蒼いラビリンス~眠り姫に優しいキスを~
出来れば、ここから逃げ出したい心境だが、真面目に質問されている以上、真面目に答えるのが大人の勤めってものだろうと、拓郎は何とか自分に言い聞かせる。
「ええと……」
YESと答えたら、藍はどんな反応をするのだろうか?
一瞬よからぬ方へ考えが行きかけたが、果てしなく深い墓穴を掘りそうな予感がして、当たり障り無く答えをはぐらかす事に決めた。
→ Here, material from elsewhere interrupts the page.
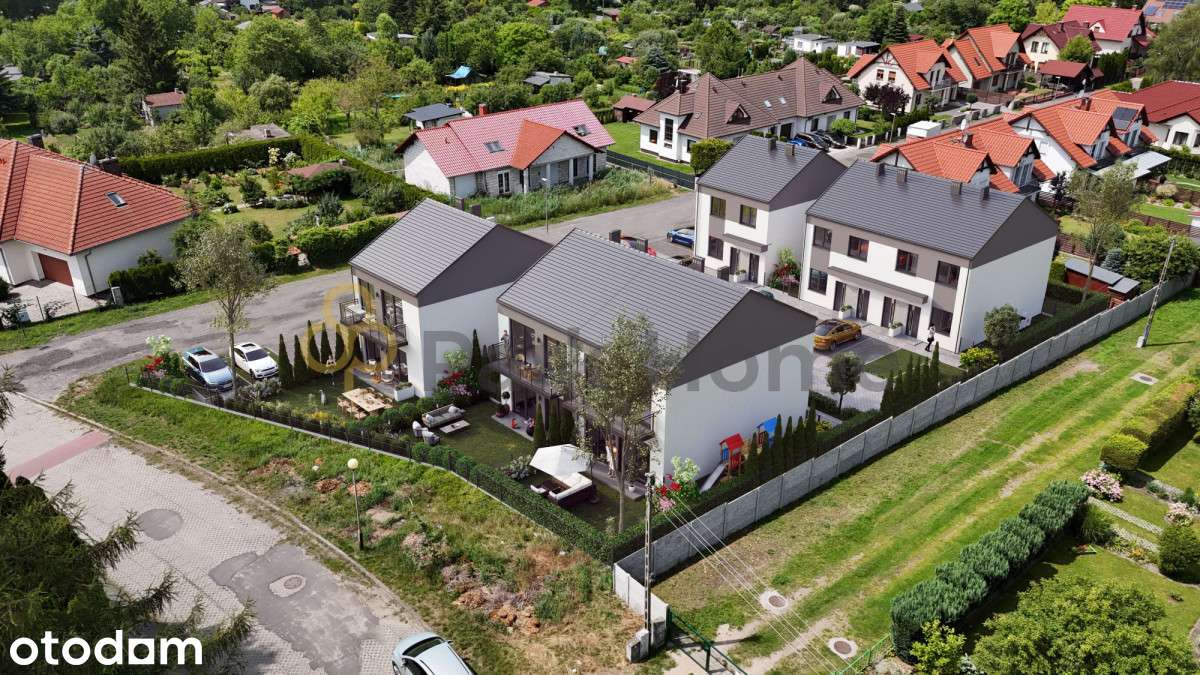 Apartamenty Pinokia-Jędrzychów| 0% prowizji i Pcc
「だったら、すぐに答えを出そうと焦ることないんじゃない? ほら、時間制限が有る訳じゃないんだから、こういう事はゆっくりと……ね?」
と、全く質問の答えになっていない言葉を、内心はともかく、表面的には努めて穏やかに言ってみる。
「そうですか?」
「……そう、思うけど?」
「そうですね」
それで、質問の答えは? と突っ込まれたら何と答えようとビクビクしていた拓郎は、ニッコリ笑みを浮かべた藍に引きつった笑顔もどきを向けた。
自分の言葉が嘘だ――と、拓郎は分かっていた。
藍の仕草や言動に、こんなにも動揺している自分が居る。
焦っているのは、自分の気持ちに気付いてしまった拓郎の方なのだ。